Daha sonra halk, seminer, panel, sosyal medya, görsel medya, yazılı medyadan öğrenmeye başladı; epilepsiyi… ‘Şimdi sıra doktorların hazırladığı yönetmelik tasarı önerisini hayata geçireceğiz’ dedik ve sırayla:
TBMM’ne….
Bakanlıklara…
Daha sonra resmi dairelere…
Sivil Toplum Kurumlarına…
gittik.
Yönetmelik tasarı önerisi incelenecek denildi. Bekledik Önce 2017 Ocak, sonra 2017 Temmuzda gerçekleşen engelli komisyonuna gitmesi sağlanıldı…
Bakanlıkta tanıdık yok, milletvekillerinden tanıdık var ama yeterli olmuyor! Bekledik…
Ne medya, ne belediye, ne devlet bize ekonomik, sosyal destek vermedi….. 5 kere TBMM, 4 kere bakanlıklara görüşme için İstanbul-Ankara arasında mekik dokundu, uzun süre evrakların hangi aşamaya geldiğini bile bulamadılar.
Ricalarla birilerine ulaştık, bakanlık ziyaretleri sonrasında evraklar çıktı ortaya. 2. Komisyona gönderttik. Tabi bu arada binlerce epilepsili bu yönetmelik tasarı önerisi için beklemede…
2018 de dedim ki, artık sadece epilepsililerin değil Türkiye Sakatlar Derneği’nin kadın kolları başkanı oldum. Ayırım olmasın, onlara da destek verelim! Henüz başkanlığı kabul etmiş ama şubelere başkan olduğum duyurulmamıştı ki; bu sefer tüm engellileri kapsayan proje için Cumhurbaşkanlığı’na, Aile Çalışma ve Sosyal Hizmetler Bakanlığı’na dilekçe gönderdim.
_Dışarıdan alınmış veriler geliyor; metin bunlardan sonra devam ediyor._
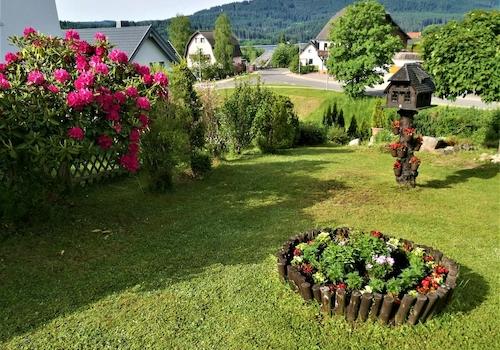 Garten linke Seite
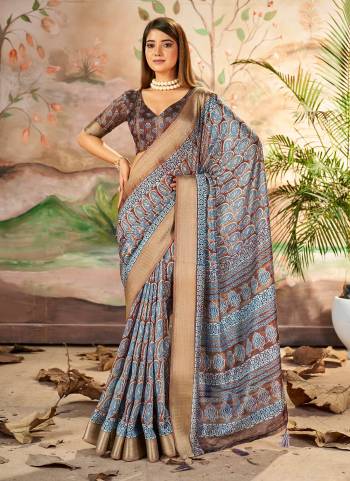  Looking These Party Wear Saree in Fine Colored.These Saree And Blouse is Fabricated On Dolla Silk Pair.Its Beautified With Wevon Jari Border Designer With Printed.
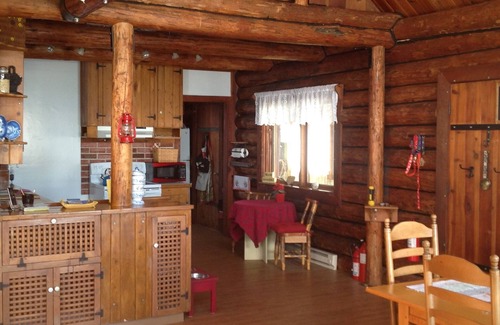 Hailey Cabin | Furnished Executive Rental Swedish Log Cabin Mountain Retreat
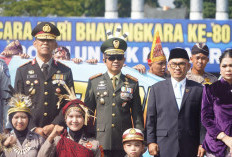 Danrem 042/Gapu Hadiri Upacara Hari Bhayangkara Ke-80, Perkuat Sinergitas TNI-Polri untuk Masyarakat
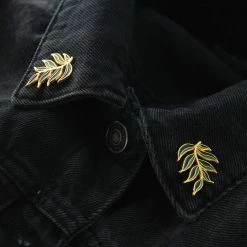 ECTOGASM Gold Leaves | COLLAR PIN SET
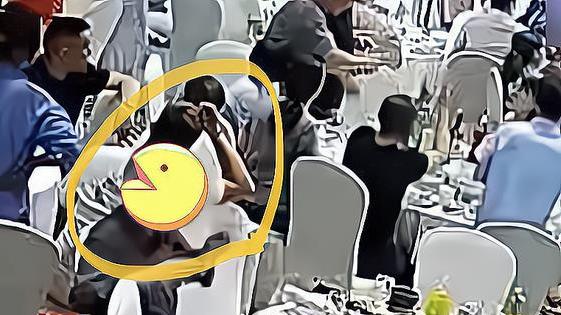 男子混入婚礼现场，只为骗吃骗喝偷酒，网友：新郎格局太小啦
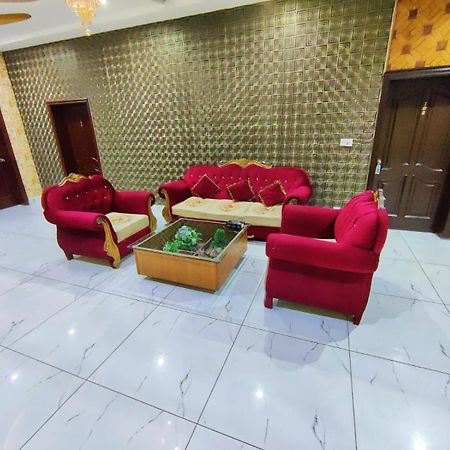 Hotel Pak Continental Multan Buitenkant foto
Ne mi oldu? Hâlâ ses yok!
Çalışmak için ailemden ayrılıp; Ankara’ya geldim çünkü kafaya koymuştum; başladığım işi bitirmeyi… Annem ‘İstanbul’da bizimle kal, burada işe başla’ diyordu… 3,5 yıldır bu işi tamamlamak için çalışmıyor, Devlet ile dernek arasında uğraş veriyordum ama kendi imkanlarımla birşeyler yapmaya çalıştığım için, elimdekiler de bitmiş, dernek uğruna sattığım arabamın da parası sıfırlanmıştı ve işe girmek zorundaydım. Ama Ankara’da olacak ki; resmi işler de ilerleyebilecekti. Hatta Üniversitelerle de çalışmalar yapacağım. Belki bir tanesi engelliler gününde olacak…
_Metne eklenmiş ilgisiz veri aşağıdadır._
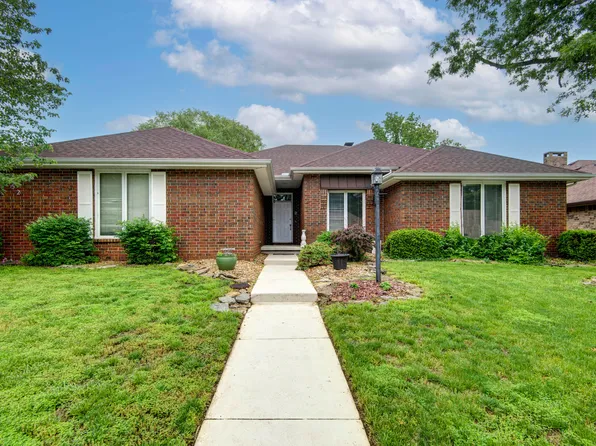 3052 S Oak Avenue, Springfield, MO 65804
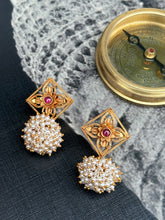 Load image into Gallery viewer, Vintage style (925 silver) earrings in gold polish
Hemen Aile Çalışma ve Sosyal Hizmetler Bakanlığı’na ulaştım ve 2. Komisyondan çıkan evrakların durumunu öğrendim. Şimdi sıra, Cumhurbaşkanlığı’na 4. dilekçeyi yazmaktı … Eylülde gönderdiğim dilekçe için ‘45 gün bekleyin, sonra biz size döneriz’ denildi; bekledik. Telefonla Cumhurbaşkanlığı’nı arıyoruz; santral açıyor, telefon halkla ilişkilerde duvar! İlk faksın gittiği gün halkla ilişkilerle görüşüp, onay aldım bir daha halkla ilişkilerde bul birisini; bulabilirsen…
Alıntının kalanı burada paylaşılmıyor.